October 13th, 2018 9:31 AM
CONSERVATISM UNDERSTOOD AS EMPIRICISM: QUOTE AND COUNTER EXPLANATION
—“Edmund Burke was an English politician who wrote his Reflections on the Revolution in France to express his disdain for the destructive havoc wrought by the French Revolution. As a traditionalist-conservative, he thinks about social change in a cautious and incremental way and characterizes the social contract as binding on those who are living, those who are dead, and those who are yet to be born. Studying the anti-Enlightenment differs from the study of the Enlightenment because traditional conservatives of the Burkean school reject the idea of formulating a theory upon which to base society. Their views can be more accurately characterized as attitudes or dispositions. Social change is possible, but it must reflect the thinking of “the man on the Clapham omnibus.” Thinkers like Burke and Devlin place individuals as subordinate to society and its traditions.”—
This is a misrepresentation – individuals are not ‘subordinate’ to society and its traditions. It’s that man in every era overestimates his ability and insight (dunning-kruger), so the use of intergenerational contract property and exchange limits intertemporal action to the empirical just as contract and property do in the temporal, and prices and property and exchange do in the immediate.
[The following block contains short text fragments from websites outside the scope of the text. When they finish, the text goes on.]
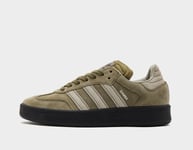 adidas Originals Samba XLG, Green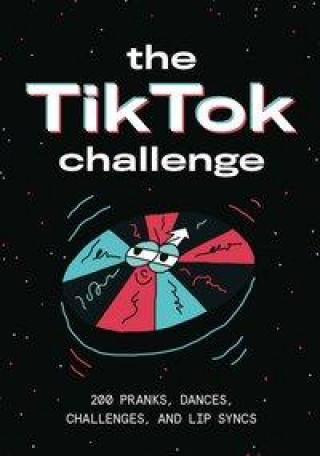 Nyomtatványok TikTok Challenge Will Eagle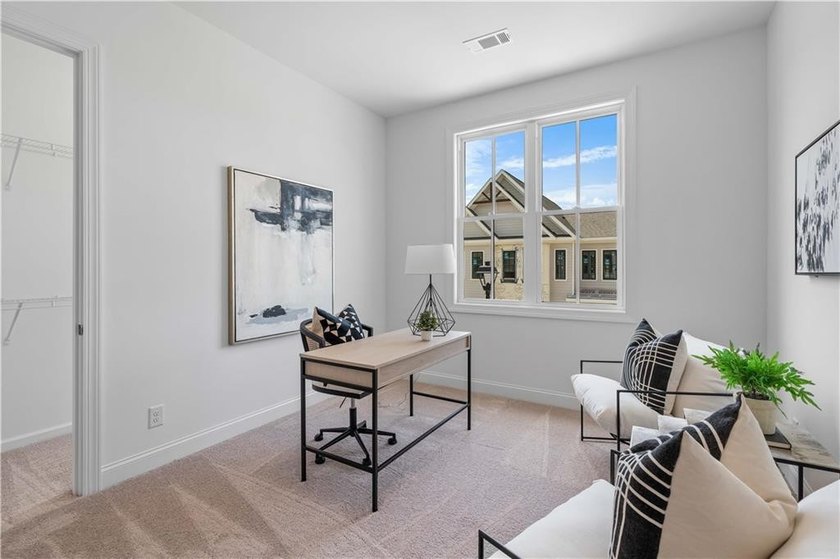 HOME OF THE MONTH!! Last CASCADE floor plan in the entire - photo 29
British (Anglo Saxons) are empiricists. They have been empiricists for a very long time. Burkean Conservatism (“Conservatism”) is merely the application of EMPIRICISM to all affairs, using time, property, contract, and markets to limit the hubris of the well intentioned, and the evil of the ill intentioned.
ALL DOMINANT MALES ARE NATURALLY BURKEAN (CONSERVATIVE): EMPIRICAL.